Dataset excerpts Block Start

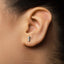 A small silver earring in the shape of a coffee cup is visible in the person's ear.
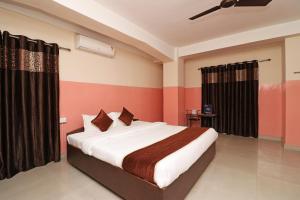 a bedroom with a large bed in a room at Prabha Palace Lodge in Kamakhya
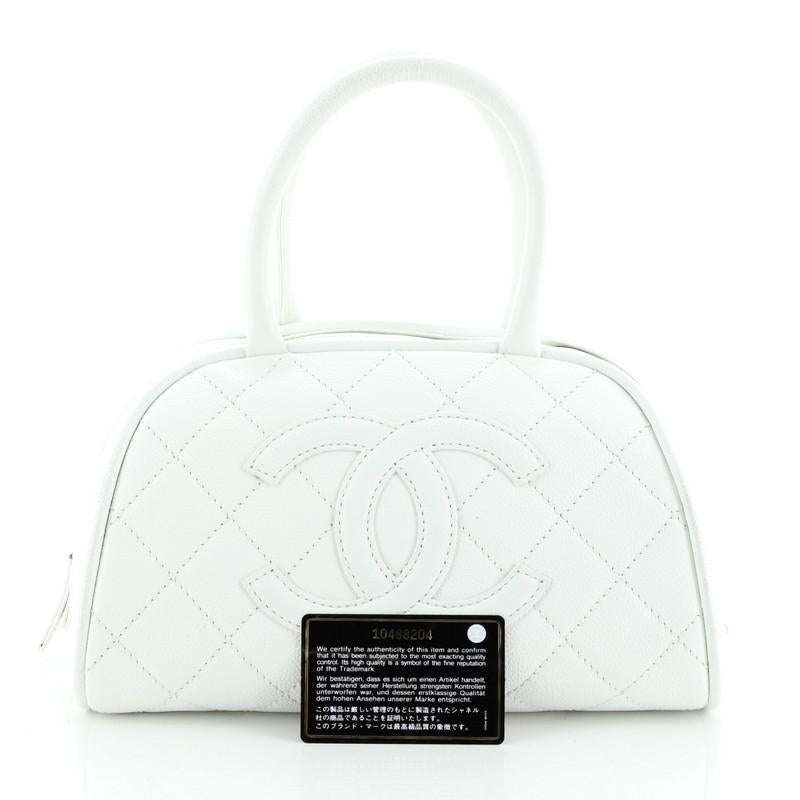 This Chanel Timeless CC Bowler Bag Quilted Caviar Mini, crafted in white quilted leather, features dual rolled leather handles, stitched CC logo across the front, and aged silver-tone hardware. Its top zip closure opens to a white fabric interior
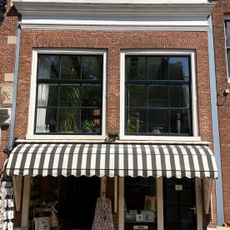 Lage tussenbouw met recht geprofileerde kroonlijst en twee negenruitsvensters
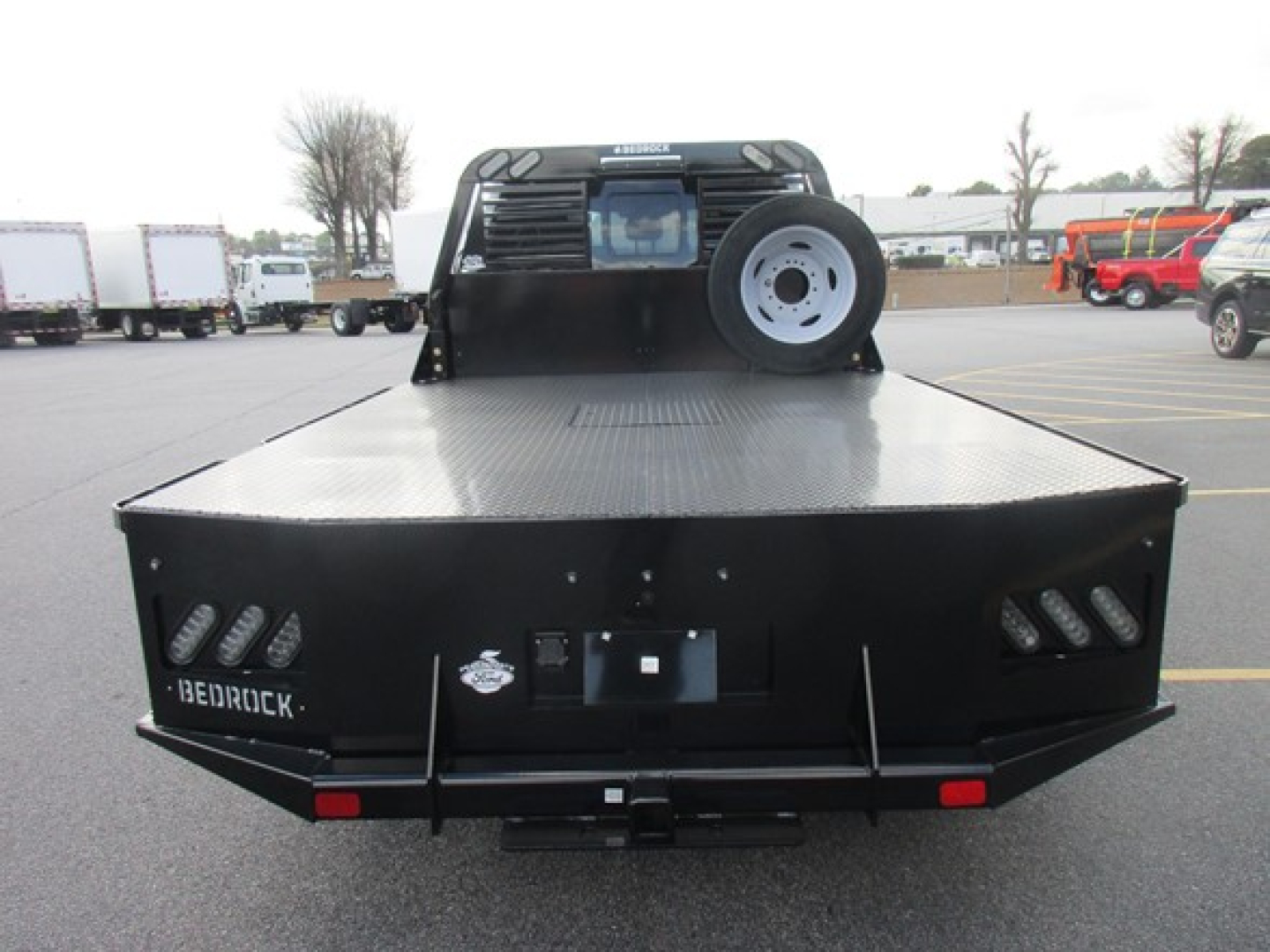 Flatbed truck in rear view showing bed surface, spare tire mounted on cab-back, and dual rear lights with diamond plate surface.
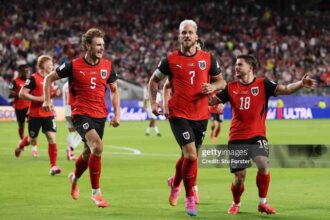Three Austria football players in red jerseys celebrate on a green pitch as fans cheer in the stadium (numbers 5, 7, and 18 visible).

Dataset excerpts Block End

**Work request:** For this exercise, copy each line of the data above exactly, from the first through the line containing "a bedroom with", and drop the pictures.

**Answer below:**
 A small silver earring in the shape of a coffee cup is visible in the person's ear.
 a bedroom with a large bed in a room at Prabha Palace Lodge in Kamakhya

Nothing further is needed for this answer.